(DATASET SECTION begins)
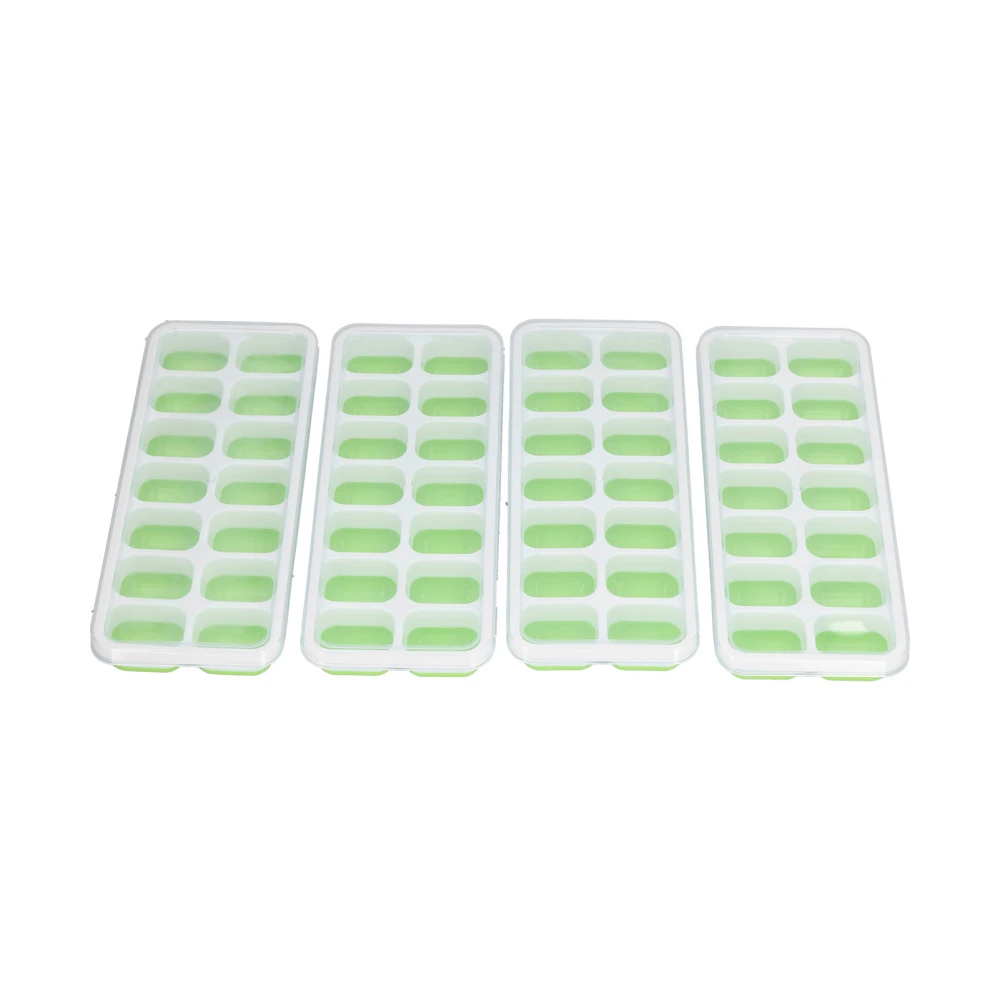 4Pcs Silicone Ice Cubes Mold Quadrate Ice Cubes Maker Tray with Grids Transparent CoverGreen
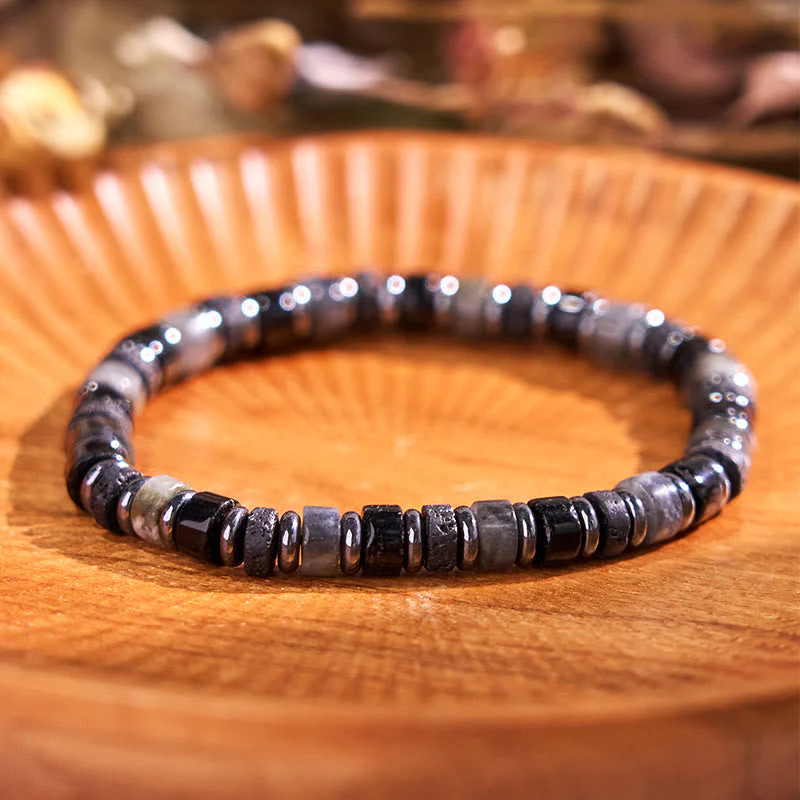 6mm Hematite Turquoise Lava Rock Spiritual Bracelet - Image 11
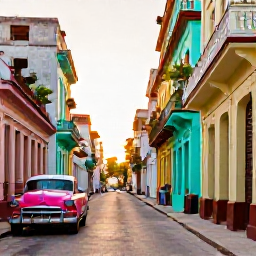 Caribbean Holidays, Cuba Wellness June, A peaceful Havana street at golden hour with colourful classic cars, colonial buildings and a traveller enjoying a relaxed cultural stroll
(DATASET SECTION ends)
WHAT TO PRODUCE: Make an exact copy of the listing. Do not carry over its pictures.

SOLUTION:
 4Pcs Silicone Ice Cubes Mold Quadrate Ice Cubes Maker Tray with Grids Transparent CoverGreen
 6mm Hematite Turquoise Lava Rock Spiritual Bracelet - Image 11
 Caribbean Holidays, Cuba Wellness June, A peaceful Havana street at golden hour with colourful classic cars, colonial buildings and a traveller enjoying a relaxed cultural stroll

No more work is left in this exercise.